The theory comprises several factors, two of which are the “input” and the “output.” Input can generally refer to an individual’s contribution or effort in a certain situation, while the output is the thing that the individual gets in return for his contribution. In a familiar setting such as the workplace, the input can be the employee’s efforts and hard work for doing what he is tasked to do. In return, he gets a fixed salary and maybe a small bonus as the output. The theory of equity can also apply to the hiring of a workforce, wherein applicants might expect a higher salary that will equate to their levels of experience and skills.
The third important factor in the equity theory is the human perception. The concept of equality is very subjective and can differ from one person to another. One way of determining what is “equal” is through comparing similar situations. For example, an employee will assume that a company will provide a certain amount of salary if he sees other rival companies providing the same salary to their employers. Adams labeled these points of comparisons as “referents.”
Aside from the workplace, the equity theory can also be applied in many human relationships. In these situations, hard work and financial returns are not the only things included as inputs and outputs, respectively. Emotional gratification may be an important measurement for the concept of equality. For a married couple, for instance, a wife who makes her husband happy by cooking his favorite dinner might expect her husband to do a similar trade-off that will make her just as happy.

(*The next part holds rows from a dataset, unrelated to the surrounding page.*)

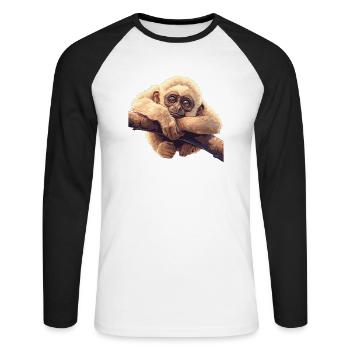 Gibbons Gibbon - Unisex Baseballshirt langarm - Weiß/Schwarz - Vorne - Nik (191cm)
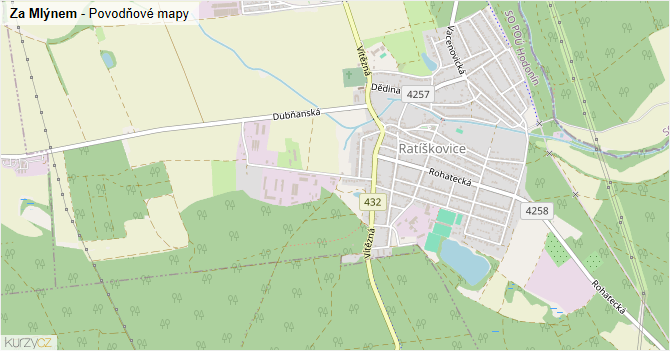 Za Mlýnem - záplavové mapy stoleté vody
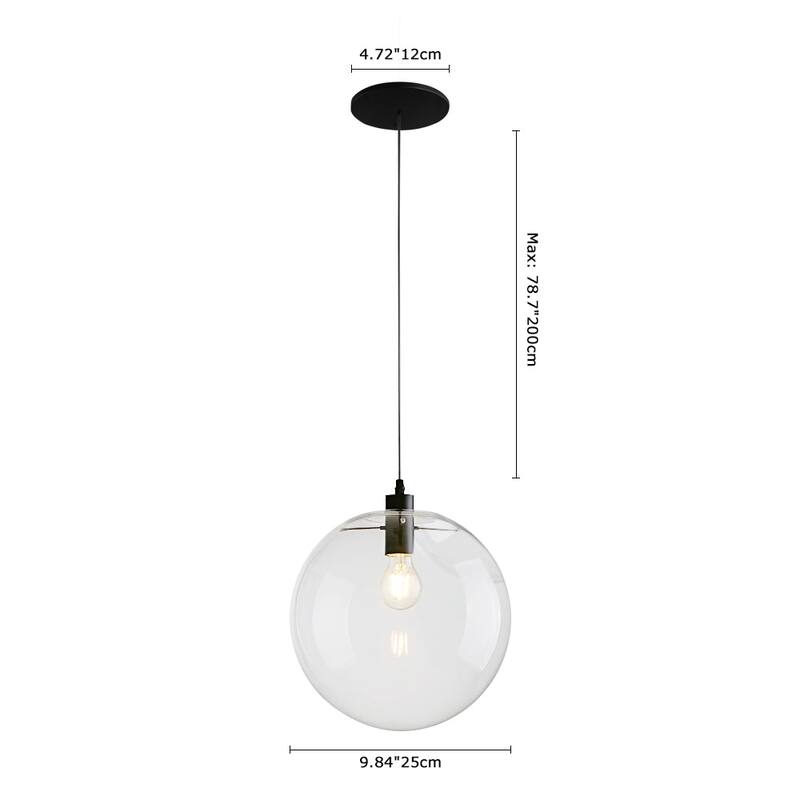Modern Clear Glass Globe Pendant Light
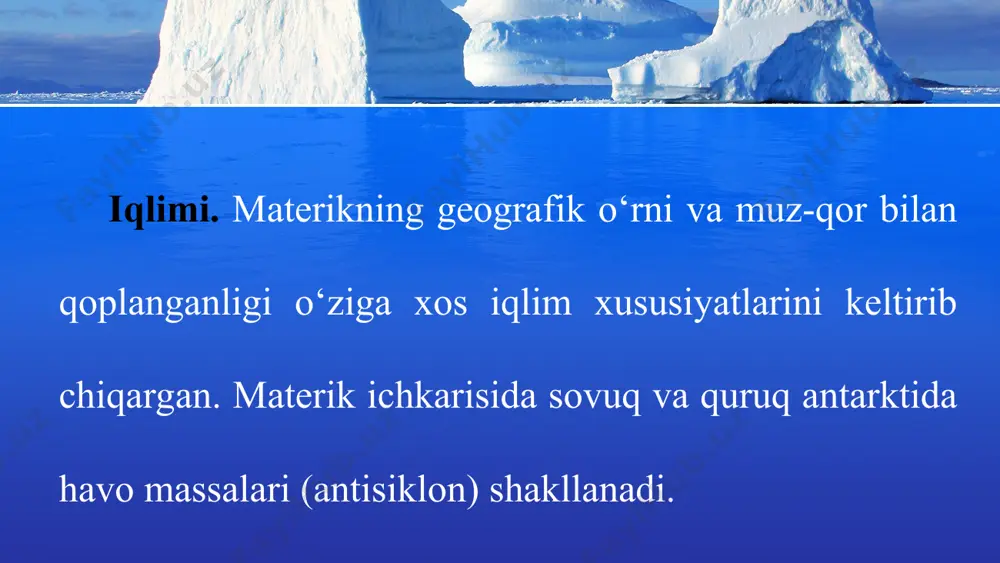 com www.free-power-point-templates.com organik dunyosi. materikning muz-qorlar bilan qoplangan ichki qismlarida organizmlar yo‘q hisobi. lekin materikka tutash okean suvlarida hayvonot olami nisbatan ko‘p. this presentation uses a free template provided by fppt.com www.free-power-point-templates.com bu sohil zonasida plankton va kril (mayda baliq)larni iste’mol qiladigan ko‘k kitlar, tulenlar, dengiz qoploni, janubiy dengiz mushugi, dengiz sheri va ko‘plab pingvinlar yashaydi (16- rasm). this presentation uses a free template provided by fppt.com www.free-power-point-templates.com this presentation uses a free template provided by fppt.com www.free-power-point-templates.com bu yerda pingvinlarning 17 turi tarqalgan. ayniqsa, go‘zal imperator (bo‘yi 1 m atrofida, og‘irligi 50 kg gacha) va kichikroq adeli pingvinlari ko‘p. pingvinlar suvda yaxshi suzadi, baliqlar, molluskalar va qisqichbaqalar bilan oziqlanadi. this presentation uses a free template provided by fppt.com www.free-power-point-templates.com this presentation uses a free template provided by fppt.com www.free-power-point-templates.com antarktida sohilida o‘ldirilgan eng katta ko‘k kitning uzunligi 33 m, og‘irligi 160 t, sof yog‘i 20 t atrofida bo‘lgan. 1967- …
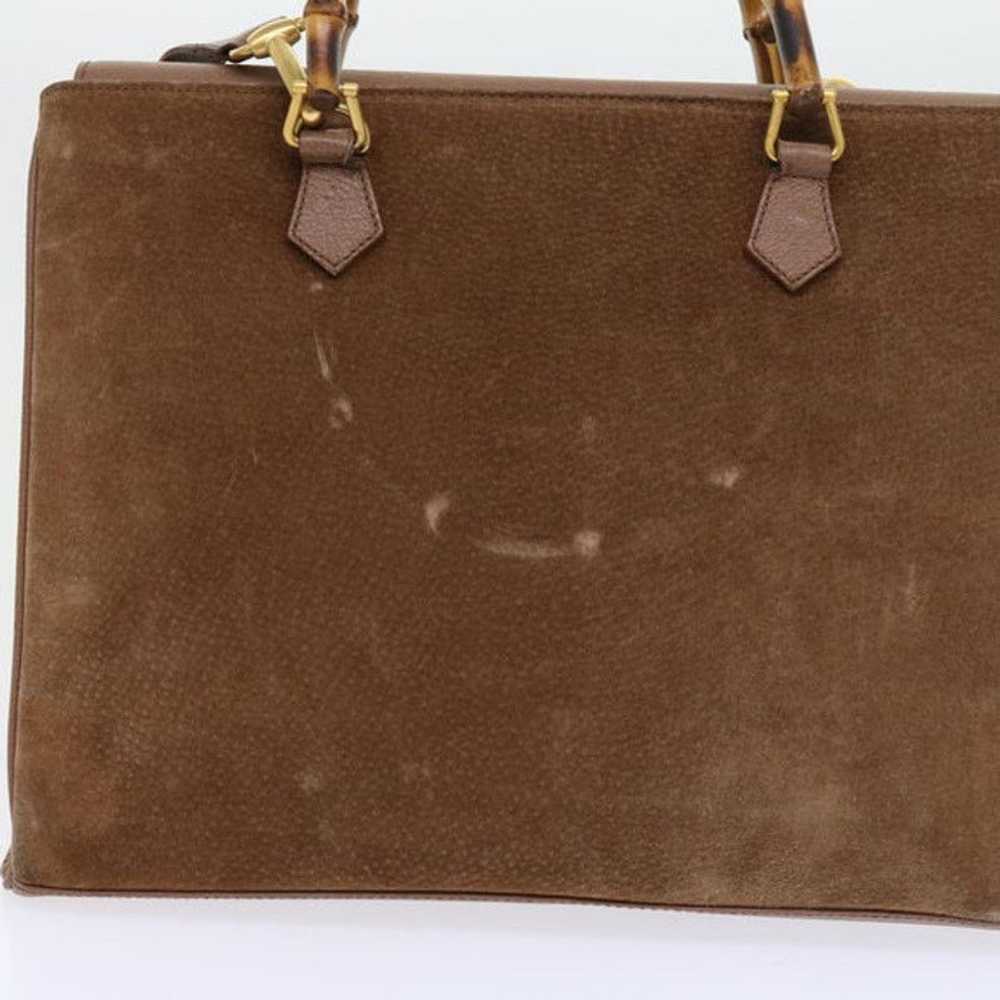 Gucci GUCCI Bamboo Hand Bag Suede Brown 002 123 0… - image 3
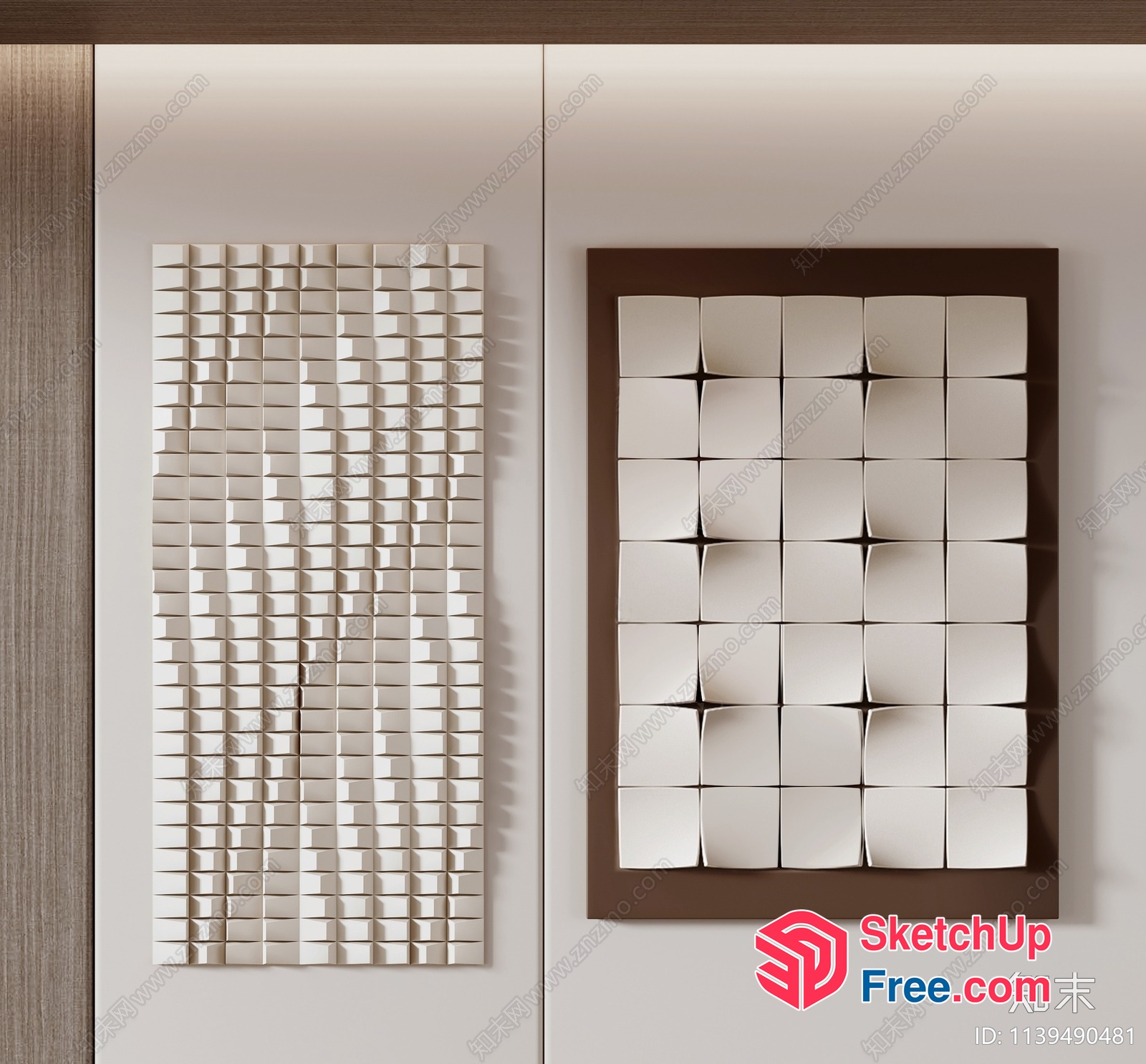 Modern Wall Decorations With Geometric Patterns 3D SketchUp File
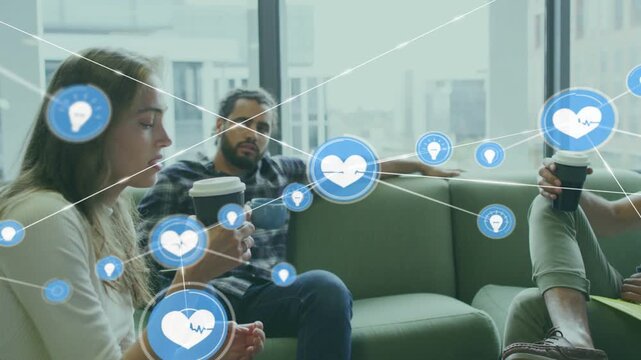 Blue heart icon popping and sending links while team of 3 sitting sipping mapping business links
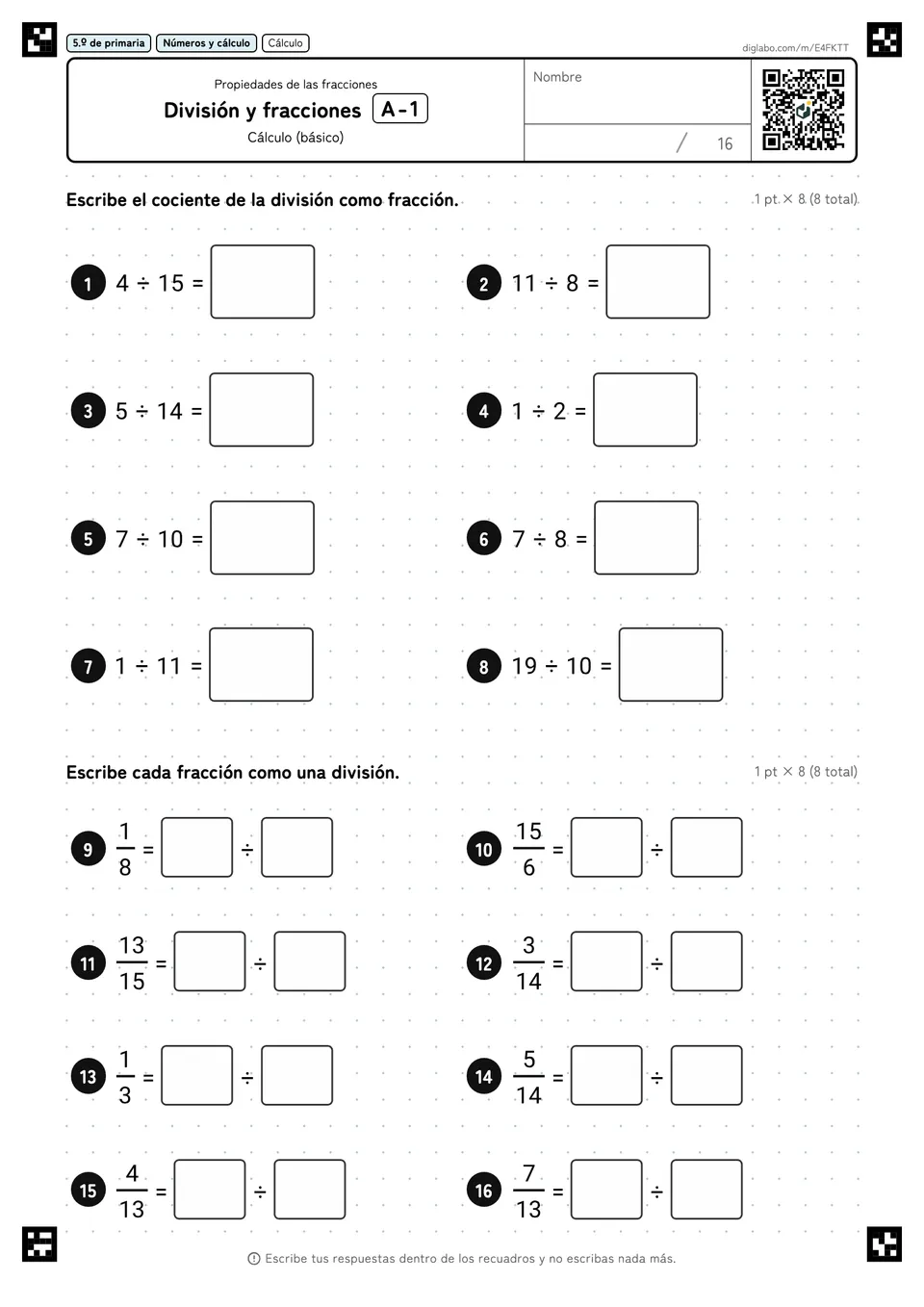 5.º de primaria Propiedades de las fracciones División y fracciones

Conflict may arise if the perceived equality is not reached.
In many situations, equity theory cites the human desire for rewards to equal their efforts. For example, an employee asks his boss for a raise if he feels he is deserving. The theory, however, also explains that a person will strive to contribute more to a situation or a relationship if he sees that he receives more output than he deserves. In both cases, the theory illustrates that humans seek to attain a sense of balance and equality.